While doing all of this, I couldn't help but think of various conversations I've read in past years about 'vendor lock in'. During all of my years using Notes I'd never stopped to think about how proprietary Rich Text fields were. For a few years, I just used them. Around 1999/2000 I started trying to put rich text fields on the web, and started to see that there was a translation process there which didn't always go as smoothly as planned - that should have been all the warning I needed. It seems that wasn't the case. I can be a bit stubborn at times.
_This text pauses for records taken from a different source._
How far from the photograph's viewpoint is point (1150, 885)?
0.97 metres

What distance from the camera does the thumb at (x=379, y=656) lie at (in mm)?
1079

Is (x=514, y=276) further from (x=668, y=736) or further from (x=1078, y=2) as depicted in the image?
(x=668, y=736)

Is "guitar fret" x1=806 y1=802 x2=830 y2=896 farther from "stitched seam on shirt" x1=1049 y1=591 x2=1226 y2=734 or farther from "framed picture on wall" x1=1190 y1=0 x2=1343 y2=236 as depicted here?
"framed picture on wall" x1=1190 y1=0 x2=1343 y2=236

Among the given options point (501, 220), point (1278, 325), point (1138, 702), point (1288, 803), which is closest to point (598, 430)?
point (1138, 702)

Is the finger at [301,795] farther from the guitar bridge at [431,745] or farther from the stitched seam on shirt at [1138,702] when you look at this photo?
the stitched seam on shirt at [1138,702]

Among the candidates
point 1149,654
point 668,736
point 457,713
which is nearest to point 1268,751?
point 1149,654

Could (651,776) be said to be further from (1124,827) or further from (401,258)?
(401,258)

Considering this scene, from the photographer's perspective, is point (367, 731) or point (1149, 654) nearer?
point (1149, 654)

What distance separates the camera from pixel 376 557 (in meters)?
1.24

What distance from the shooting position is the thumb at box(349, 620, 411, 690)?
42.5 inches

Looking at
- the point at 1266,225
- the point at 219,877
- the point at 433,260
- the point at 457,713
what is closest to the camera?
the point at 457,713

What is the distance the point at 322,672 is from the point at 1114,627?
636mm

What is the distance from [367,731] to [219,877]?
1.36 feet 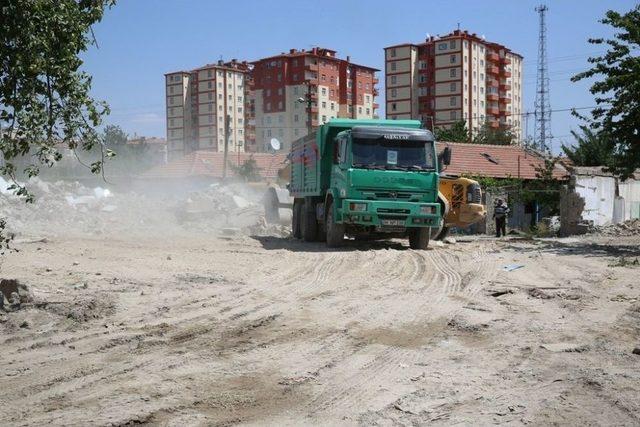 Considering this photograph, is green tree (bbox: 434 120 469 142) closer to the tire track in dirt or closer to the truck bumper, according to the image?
the truck bumper

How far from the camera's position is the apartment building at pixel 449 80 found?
104m

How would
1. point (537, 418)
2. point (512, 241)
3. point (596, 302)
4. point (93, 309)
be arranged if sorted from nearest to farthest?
point (537, 418)
point (93, 309)
point (596, 302)
point (512, 241)

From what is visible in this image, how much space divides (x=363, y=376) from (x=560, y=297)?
511 centimetres

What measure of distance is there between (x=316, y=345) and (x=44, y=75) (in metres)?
3.94

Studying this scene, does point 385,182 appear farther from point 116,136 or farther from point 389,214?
point 116,136

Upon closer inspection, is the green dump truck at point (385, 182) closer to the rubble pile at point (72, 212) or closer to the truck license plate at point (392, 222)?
the truck license plate at point (392, 222)

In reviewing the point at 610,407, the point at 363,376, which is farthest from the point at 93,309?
the point at 610,407

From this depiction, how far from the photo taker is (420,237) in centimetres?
1681

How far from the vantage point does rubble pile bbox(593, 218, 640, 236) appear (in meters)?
24.6

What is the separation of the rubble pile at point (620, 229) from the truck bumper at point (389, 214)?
36.8 ft

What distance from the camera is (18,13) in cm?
651

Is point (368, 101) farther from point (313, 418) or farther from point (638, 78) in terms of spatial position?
point (313, 418)

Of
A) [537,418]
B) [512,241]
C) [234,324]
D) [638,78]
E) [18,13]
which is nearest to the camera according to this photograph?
[537,418]

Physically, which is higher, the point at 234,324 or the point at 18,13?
the point at 18,13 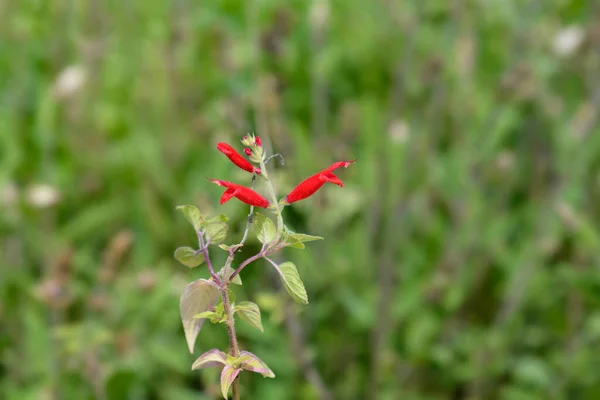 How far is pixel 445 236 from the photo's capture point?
1.74m

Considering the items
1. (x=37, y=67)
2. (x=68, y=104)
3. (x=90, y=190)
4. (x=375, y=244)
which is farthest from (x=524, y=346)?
(x=37, y=67)

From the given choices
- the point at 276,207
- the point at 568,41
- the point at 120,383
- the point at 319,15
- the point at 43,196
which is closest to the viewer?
the point at 276,207

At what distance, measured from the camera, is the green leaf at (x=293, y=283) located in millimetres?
444

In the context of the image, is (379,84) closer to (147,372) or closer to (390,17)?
(390,17)

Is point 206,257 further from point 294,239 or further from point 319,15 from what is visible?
point 319,15

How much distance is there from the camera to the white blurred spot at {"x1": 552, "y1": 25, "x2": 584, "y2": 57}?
175 centimetres

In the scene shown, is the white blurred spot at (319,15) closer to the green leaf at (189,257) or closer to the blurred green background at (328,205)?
the blurred green background at (328,205)

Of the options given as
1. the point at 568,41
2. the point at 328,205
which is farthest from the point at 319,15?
the point at 568,41

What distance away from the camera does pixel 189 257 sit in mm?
498

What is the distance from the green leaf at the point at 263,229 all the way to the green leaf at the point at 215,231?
2 centimetres

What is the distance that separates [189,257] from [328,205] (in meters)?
1.14

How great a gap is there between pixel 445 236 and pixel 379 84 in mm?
632

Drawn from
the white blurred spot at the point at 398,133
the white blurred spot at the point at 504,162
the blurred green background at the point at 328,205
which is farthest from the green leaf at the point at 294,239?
the white blurred spot at the point at 504,162

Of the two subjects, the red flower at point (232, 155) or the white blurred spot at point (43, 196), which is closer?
the red flower at point (232, 155) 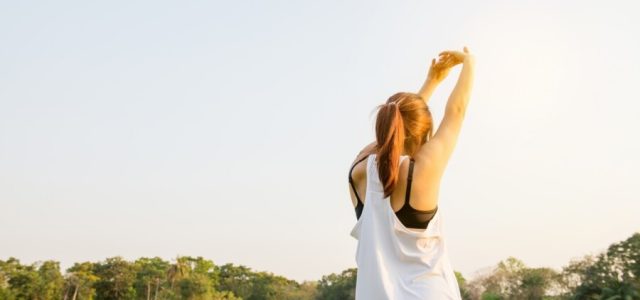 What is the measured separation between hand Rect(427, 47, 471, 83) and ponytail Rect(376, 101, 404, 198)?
0.70 m

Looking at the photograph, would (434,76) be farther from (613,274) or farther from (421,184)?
(613,274)

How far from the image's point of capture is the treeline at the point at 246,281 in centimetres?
3722

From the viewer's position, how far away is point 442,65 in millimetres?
2832

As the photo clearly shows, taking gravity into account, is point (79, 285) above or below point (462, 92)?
above

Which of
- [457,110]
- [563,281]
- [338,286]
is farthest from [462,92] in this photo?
[338,286]

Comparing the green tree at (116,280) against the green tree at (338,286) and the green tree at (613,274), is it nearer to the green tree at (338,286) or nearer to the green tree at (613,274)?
the green tree at (338,286)

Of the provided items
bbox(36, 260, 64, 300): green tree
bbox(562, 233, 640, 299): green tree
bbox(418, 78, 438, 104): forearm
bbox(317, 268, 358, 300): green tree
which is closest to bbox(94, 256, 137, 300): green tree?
bbox(36, 260, 64, 300): green tree

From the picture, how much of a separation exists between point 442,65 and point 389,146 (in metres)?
0.91

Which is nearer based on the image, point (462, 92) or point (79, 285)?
point (462, 92)

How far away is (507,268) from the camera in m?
50.9

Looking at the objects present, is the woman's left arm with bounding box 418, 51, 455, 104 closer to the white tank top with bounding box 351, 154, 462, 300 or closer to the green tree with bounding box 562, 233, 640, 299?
the white tank top with bounding box 351, 154, 462, 300

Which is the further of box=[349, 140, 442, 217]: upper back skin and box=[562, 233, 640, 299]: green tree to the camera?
box=[562, 233, 640, 299]: green tree

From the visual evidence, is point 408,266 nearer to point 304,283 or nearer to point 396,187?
point 396,187

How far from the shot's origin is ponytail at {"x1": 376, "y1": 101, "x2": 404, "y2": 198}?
6.75 feet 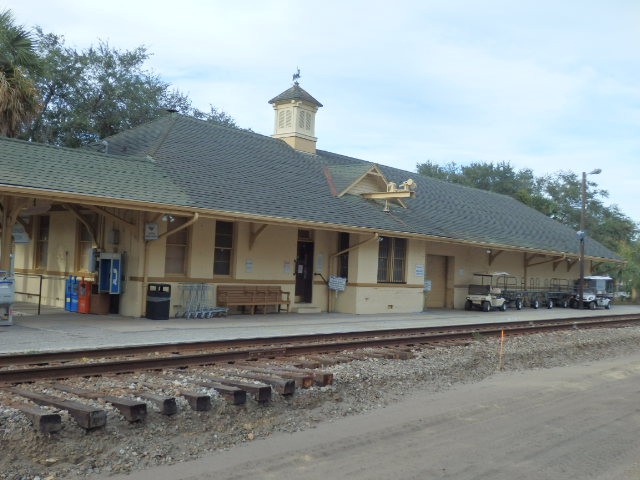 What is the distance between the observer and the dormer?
2709 centimetres

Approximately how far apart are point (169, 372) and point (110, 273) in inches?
357

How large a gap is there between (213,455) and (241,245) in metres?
14.0

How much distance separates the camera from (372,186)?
84.9 ft

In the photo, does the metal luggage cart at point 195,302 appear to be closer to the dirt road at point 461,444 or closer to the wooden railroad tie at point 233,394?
the dirt road at point 461,444

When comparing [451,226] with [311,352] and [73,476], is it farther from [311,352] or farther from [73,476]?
[73,476]

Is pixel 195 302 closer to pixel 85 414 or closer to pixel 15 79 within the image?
pixel 15 79

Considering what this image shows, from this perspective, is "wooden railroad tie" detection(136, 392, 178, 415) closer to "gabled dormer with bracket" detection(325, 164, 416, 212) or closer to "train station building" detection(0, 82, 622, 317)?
"train station building" detection(0, 82, 622, 317)

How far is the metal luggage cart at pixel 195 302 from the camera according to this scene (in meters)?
18.4

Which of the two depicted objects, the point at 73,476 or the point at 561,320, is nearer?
the point at 73,476

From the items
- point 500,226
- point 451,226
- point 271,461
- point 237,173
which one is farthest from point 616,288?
point 271,461

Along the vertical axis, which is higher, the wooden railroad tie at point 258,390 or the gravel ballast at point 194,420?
the wooden railroad tie at point 258,390

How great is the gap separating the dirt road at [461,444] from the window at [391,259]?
46.8 ft

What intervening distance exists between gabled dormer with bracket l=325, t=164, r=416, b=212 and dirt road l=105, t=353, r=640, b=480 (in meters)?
15.4

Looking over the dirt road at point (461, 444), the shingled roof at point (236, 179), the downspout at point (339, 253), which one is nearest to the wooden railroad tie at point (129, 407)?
the dirt road at point (461, 444) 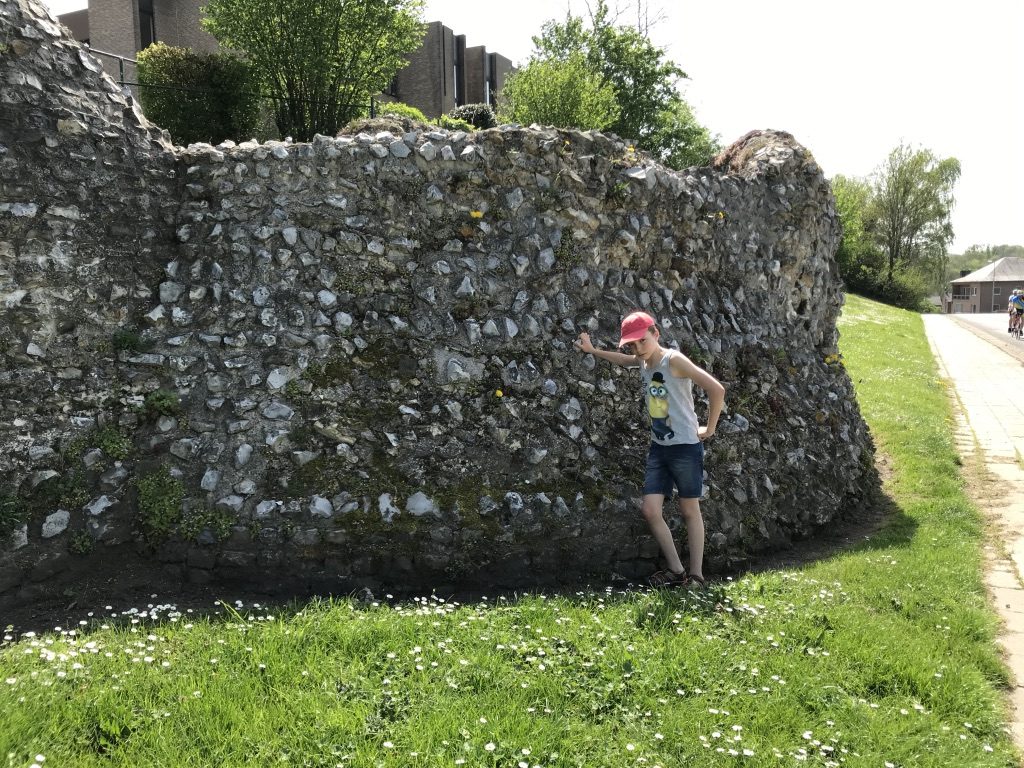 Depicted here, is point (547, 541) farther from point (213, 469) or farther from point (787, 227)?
point (787, 227)

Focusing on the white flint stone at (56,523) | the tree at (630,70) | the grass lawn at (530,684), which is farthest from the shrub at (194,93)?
the tree at (630,70)

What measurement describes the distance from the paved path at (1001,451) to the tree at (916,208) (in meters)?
38.7

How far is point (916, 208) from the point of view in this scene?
60.8 meters

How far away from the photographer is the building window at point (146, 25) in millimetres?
24547

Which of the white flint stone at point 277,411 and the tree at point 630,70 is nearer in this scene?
the white flint stone at point 277,411

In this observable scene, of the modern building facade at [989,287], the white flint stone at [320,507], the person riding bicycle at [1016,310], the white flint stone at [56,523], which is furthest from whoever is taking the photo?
the modern building facade at [989,287]

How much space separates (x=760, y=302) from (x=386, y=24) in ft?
46.2

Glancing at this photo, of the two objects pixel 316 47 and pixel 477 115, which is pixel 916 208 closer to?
pixel 477 115

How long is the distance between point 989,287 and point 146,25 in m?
105

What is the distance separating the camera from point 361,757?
3113 mm

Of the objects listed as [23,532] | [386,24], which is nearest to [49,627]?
[23,532]

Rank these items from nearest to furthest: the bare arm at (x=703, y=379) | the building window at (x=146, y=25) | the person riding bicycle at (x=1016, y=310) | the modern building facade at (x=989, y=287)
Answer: the bare arm at (x=703, y=379), the building window at (x=146, y=25), the person riding bicycle at (x=1016, y=310), the modern building facade at (x=989, y=287)

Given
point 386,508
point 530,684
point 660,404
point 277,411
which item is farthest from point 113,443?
point 660,404

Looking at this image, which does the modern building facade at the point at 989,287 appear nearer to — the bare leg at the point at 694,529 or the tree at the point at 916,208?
the tree at the point at 916,208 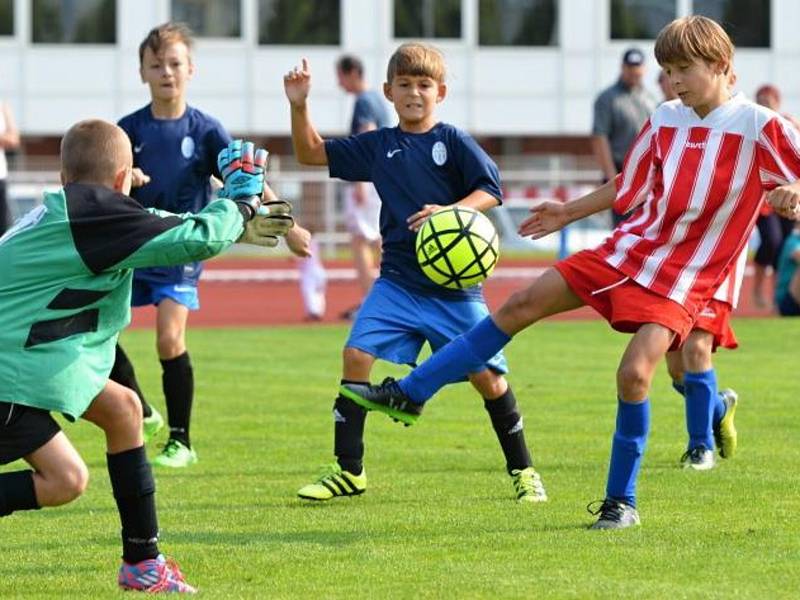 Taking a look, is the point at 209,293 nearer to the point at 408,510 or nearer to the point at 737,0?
the point at 408,510

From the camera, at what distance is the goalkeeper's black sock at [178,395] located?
30.1ft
Every vendor wants to keep it's customers using their software. Why spend time developing products to help customers leave? It's simply not good business sense. Banks do it too - ever tried changing banks? All the things you'll need to update, the forms to fill out, the things you'll forget and need to update, it's going to take time and energy - and guess what? It's the same with software vendors. I know there's demand for this sort of thing out there. I've had a few emails from people looking for migration advice, and it's very hard to give at a generic level because it will vary depending on each persons individual situation as well as their level of knowledge in their source and destination platforms. However, I'm determined to complete this process for my data, and to make an honest attempt at documenting things along the way - hopefully that will come in the form of some articles in the future, or maybe even the odd application or two.